Make sure cows are hungry when you let them out to grass
Spring is officially upon us with calving under way and grazing has started across the country.
It has been a relatively dry few weeks and ground conditions are good for the time of year. The first item on the spring agenda after ‘calf check’ should be a farm walk to gauge how much winter growth there has been and what opening cover we have on the farm.
An opening cover has a huge impact on profitability as an adequate to high opening cover will result in little bought in supplement needed, whereas a low opening cover will mean tight grass rationing and a high level of bought in supplements.
A farm walk is step one.
Step two is completing a spring rotation planner. A spring rotation planner is designed to have a target allocated area to graze by certain dates; e.g. 20-30% (dependent on your location and soil type) of grazing platform to be grazed by end of February, 50-60% grazed by mid-march and the remainder by April 5-15. Set up your rotation planner now to help you best utilise your grazing area this spring.
Step three is completing a spring budget (the majority will have this done from last autumn), enter in number of cows calving weekly and how much grass you want to allocate. The budget will then illustrate the effect this allocation of feed will have.
When setting up a new budget, I generally enter in all cow numbers and try to fully feed them on grass from day 1. This will usually result in average farm cover (AFC) being too low by magic day (April 5-15), so I then reduce the allocation in February (and early march if needs be) to stretch out the grass covers and add in meal/silage were necessary to prevent dropping AFC too fast.
Depending on your stocking rate and calving spread (and therefore ‘demand’), it may be possible to have them at grass fulltime from calving. Be careful with fresh calvers and cold nights, by-day grazing only for first few days is desirable for these girls.

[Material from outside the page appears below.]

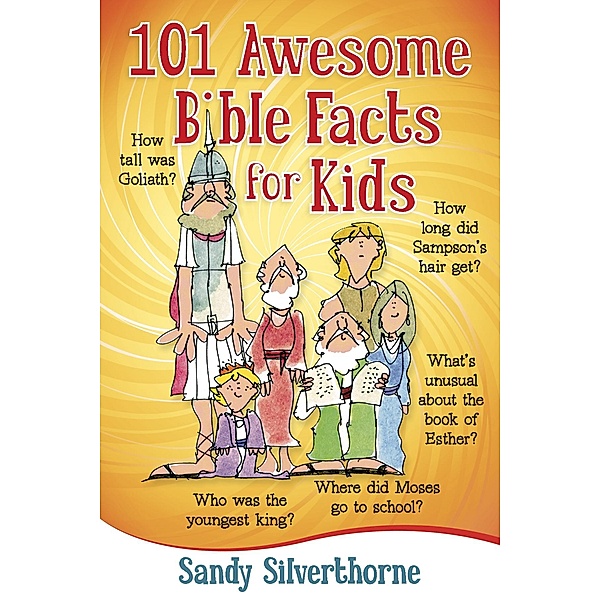 101 Awesome Bible Facts for Kids, Sandy Silverthorne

Target AFC by magic day is nine-10 times demand as a guide. Growth rates nearer the time will help us decide exact target but as an example, a farm stocked at 3.0lu/ha and demand/ha of 48kg, an AFC of 400-450kg/ha would be a guide for magic day. Set this target in your budget and ensure AFC does not drop below it before then.
Now that we have set up both the rotation planner and spring budget, we must marry the two so that we reach our target area grazed by x dates, but also that we are not dropping our AFC too fast.
So how do we do this?
- Use historic growth rates from your farm or neighbouring farm(s)
- Start cows grazing low covers (500-800kg/ha) to get them trained into grazing again
- Ensure they are hitting target residual by day three to four and maintain it
- Allocation allocation allocation – to calculate how much area to allocate, here is an example:
30 cows, 6kg grass/head, cover in paddock 800kg/ha.
30 cows x 6kg = 180kg grass required
Divide 180kg into 800kg Pre Grazing Cover (PGC) = 0.225ha
0.225ha x 10,000 (metres squared in a hectare) = 2,250 sq.metres e.g. 100m x 23m break
Cows must go to grass hungry. For convenience, lock cows off silage face at bedtime when checking springers. If this is not possible owing to shed layout, use an electric fence in front of feed face.
Unless cows go out with an appetite, they will eat less per mouthful, walk more (resulting in soil damage) and they will not eat down to the target 3.5cm residual. To ensure cows are being fully fed daily, ensure they have ad lib silage after they come in from grazing until six to eight hours later, thereby allowing enough feeding time.
Graze low covers for 10 days or so then start into higher covers, always keeping a careful eye on both the rotation planner and spring budget through regular farm walks.
Grass is exceptional high quality feed in spring, high energy, high protein, low hassle. The Dry Matter (DM) will range slightly depending how long the paddock has been growing.
Fertiliser should be spread when ground conditions and soil temperature allow. Grass will grow from 6 degrees celcius, Urea is a safe option as the N is in Nitrite form and not Nitrate (such as CAN), therefore will not be lost through leaching if soil temperature is low.
Slurry low covers that you are not going to graze and try and slurry any grazed paddocks behind cows; this will supply much needed N, P and K to the young roots. Max slurry allocation 2,000 gallons/acre.
To be profitable, you must put the time in to ‘plan’ and ‘budget’ how much grass will be offered and how much forage/supplement is needed to fill the gap.
The current low milk price should focus us all on low cost, high profit. Medium-high input farms must think along the same lines to optimise production and reduce bought in feed by managing their farm to its fullest potential.
Johnstown Castle dairy unit is an excellent example of how to maximise grass intakes in high yielding animals, achieving high grass tonnage grown/ha and high profitability/ha.
Cathal McAleer is a grassland consultant working with individual farmers and facilitating discussion groups throughout Ireland.